EXERCISE MATERIAL:
=== Section Start ===

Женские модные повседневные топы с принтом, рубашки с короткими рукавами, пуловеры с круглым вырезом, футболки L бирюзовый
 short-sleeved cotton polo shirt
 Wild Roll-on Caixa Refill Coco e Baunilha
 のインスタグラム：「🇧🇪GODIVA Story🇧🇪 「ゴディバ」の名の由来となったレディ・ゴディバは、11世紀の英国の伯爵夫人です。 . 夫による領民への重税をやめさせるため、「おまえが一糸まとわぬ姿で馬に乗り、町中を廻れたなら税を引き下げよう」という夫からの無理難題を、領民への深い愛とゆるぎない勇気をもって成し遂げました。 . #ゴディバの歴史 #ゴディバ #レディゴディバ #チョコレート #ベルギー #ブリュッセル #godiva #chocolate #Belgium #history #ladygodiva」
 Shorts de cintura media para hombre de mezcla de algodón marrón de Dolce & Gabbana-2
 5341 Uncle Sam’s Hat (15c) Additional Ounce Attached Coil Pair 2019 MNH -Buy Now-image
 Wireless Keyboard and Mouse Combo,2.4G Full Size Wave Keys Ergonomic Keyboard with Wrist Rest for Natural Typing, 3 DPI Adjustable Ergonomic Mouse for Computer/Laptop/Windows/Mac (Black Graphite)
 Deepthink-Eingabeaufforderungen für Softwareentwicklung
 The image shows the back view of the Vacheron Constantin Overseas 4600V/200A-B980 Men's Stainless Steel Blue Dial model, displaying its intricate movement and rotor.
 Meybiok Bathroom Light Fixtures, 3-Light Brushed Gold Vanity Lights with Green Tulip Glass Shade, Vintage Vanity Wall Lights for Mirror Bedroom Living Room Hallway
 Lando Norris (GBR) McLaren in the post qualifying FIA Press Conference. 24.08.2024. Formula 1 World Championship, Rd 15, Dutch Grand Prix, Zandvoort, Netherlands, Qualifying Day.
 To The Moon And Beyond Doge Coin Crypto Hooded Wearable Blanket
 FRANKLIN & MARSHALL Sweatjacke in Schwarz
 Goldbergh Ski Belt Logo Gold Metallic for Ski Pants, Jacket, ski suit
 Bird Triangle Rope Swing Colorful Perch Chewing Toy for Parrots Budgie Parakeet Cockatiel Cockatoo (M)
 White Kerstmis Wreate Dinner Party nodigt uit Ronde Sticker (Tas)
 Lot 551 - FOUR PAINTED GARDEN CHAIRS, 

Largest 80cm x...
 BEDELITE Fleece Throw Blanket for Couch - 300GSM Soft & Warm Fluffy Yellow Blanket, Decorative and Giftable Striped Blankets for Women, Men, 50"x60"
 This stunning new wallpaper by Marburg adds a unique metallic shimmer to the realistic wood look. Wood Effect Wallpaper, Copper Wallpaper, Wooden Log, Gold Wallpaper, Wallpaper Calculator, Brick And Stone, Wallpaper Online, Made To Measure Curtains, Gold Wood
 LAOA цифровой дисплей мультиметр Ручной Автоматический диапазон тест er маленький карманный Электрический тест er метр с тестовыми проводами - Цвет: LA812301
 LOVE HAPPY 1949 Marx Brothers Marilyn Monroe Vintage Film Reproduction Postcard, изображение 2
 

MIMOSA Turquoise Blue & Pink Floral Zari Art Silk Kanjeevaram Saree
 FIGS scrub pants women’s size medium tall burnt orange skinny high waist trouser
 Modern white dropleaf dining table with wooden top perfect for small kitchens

=== Section End ===

EXERCISE INSTRUCTIONS: An exact reproduction of all the records is needed.

FINISHED EXERCISE:
Женские модные повседневные топы с принтом, рубашки с короткими рукавами, пуловеры с круглым вырезом, футболки L бирюзовый
 short-sleeved cotton polo shirt
 Wild Roll-on Caixa Refill Coco e Baunilha
 のインスタグラム：「🇧🇪GODIVA Story🇧🇪 「ゴディバ」の名の由来となったレディ・ゴディバは、11世紀の英国の伯爵夫人です。 . 夫による領民への重税をやめさせるため、「おまえが一糸まとわぬ姿で馬に乗り、町中を廻れたなら税を引き下げよう」という夫からの無理難題を、領民への深い愛とゆるぎない勇気をもって成し遂げました。 . #ゴディバの歴史 #ゴディバ #レディゴディバ #チョコレート #ベルギー #ブリュッセル #godiva #chocolate #Belgium #history #ladygodiva」
 Shorts de cintura media para hombre de mezcla de algodón marrón de Dolce & Gabbana-2
 5341 Uncle Sam’s Hat (15c) Additional Ounce Attached Coil Pair 2019 MNH -Buy Now-image
 Wireless Keyboard and Mouse Combo,2.4G Full Size Wave Keys Ergonomic Keyboard with Wrist Rest for Natural Typing, 3 DPI Adjustable Ergonomic Mouse for Computer/Laptop/Windows/Mac (Black Graphite)
 Deepthink-Eingabeaufforderungen für Softwareentwicklung
 The image shows the back view of the Vacheron Constantin Overseas 4600V/200A-B980 Men's Stainless Steel Blue Dial model, displaying its intricate movement and rotor.
 Meybiok Bathroom Light Fixtures, 3-Light Brushed Gold Vanity Lights with Green Tulip Glass Shade, Vintage Vanity Wall Lights for Mirror Bedroom Living Room Hallway
 Lando Norris (GBR) McLaren in the post qualifying FIA Press Conference. 24.08.2024. Formula 1 World Championship, Rd 15, Dutch Grand Prix, Zandvoort, Netherlands, Qualifying Day.
 To The Moon And Beyond Doge Coin Crypto Hooded Wearable Blanket
 FRANKLIN & MARSHALL Sweatjacke in Schwarz
 Goldbergh Ski Belt Logo Gold Metallic for Ski Pants, Jacket, ski suit
 Bird Triangle Rope Swing Colorful Perch Chewing Toy for Parrots Budgie Parakeet Cockatiel Cockatoo (M)
 White Kerstmis Wreate Dinner Party nodigt uit Ronde Sticker (Tas)
 Lot 551 - FOUR PAINTED GARDEN CHAIRS, 

Largest 80cm x...
 BEDELITE Fleece Throw Blanket for Couch - 300GSM Soft & Warm Fluffy Yellow Blanket, Decorative and Giftable Striped Blankets for Women, Men, 50"x60"
 This stunning new wallpaper by Marburg adds a unique metallic shimmer to the realistic wood look. Wood Effect Wallpaper, Copper Wallpaper, Wooden Log, Gold Wallpaper, Wallpaper Calculator, Brick And Stone, Wallpaper Online, Made To Measure Curtains, Gold Wood
 LAOA цифровой дисплей мультиметр Ручной Автоматический диапазон тест er маленький карманный Электрический тест er метр с тестовыми проводами - Цвет: LA812301
 LOVE HAPPY 1949 Marx Brothers Marilyn Monroe Vintage Film Reproduction Postcard, изображение 2
 

MIMOSA Turquoise Blue & Pink Floral Zari Art Silk Kanjeevaram Saree
 FIGS scrub pants women’s size medium tall burnt orange skinny high waist trouser
 Modern white dropleaf dining table with wooden top perfect for small kitchens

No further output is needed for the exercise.